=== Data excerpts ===
◇ ◇ ◇ ◇ ◇ ◇ ◇
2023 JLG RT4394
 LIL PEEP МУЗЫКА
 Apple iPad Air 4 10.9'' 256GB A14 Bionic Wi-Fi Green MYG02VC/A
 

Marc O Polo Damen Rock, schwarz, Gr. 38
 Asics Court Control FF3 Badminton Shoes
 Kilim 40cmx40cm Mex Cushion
◇ ◇ ◇ ◇ ◇ ◇ ◇
Would you please give all of the entries above once more, exactly as they are?

=== The completed task ===
2023 JLG RT4394
 LIL PEEP МУЗЫКА
 Apple iPad Air 4 10.9'' 256GB A14 Bionic Wi-Fi Green MYG02VC/A
 

Marc O Polo Damen Rock, schwarz, Gr. 38
 Asics Court Control FF3 Badminton Shoes
 Kilim 40cmx40cm Mex Cushion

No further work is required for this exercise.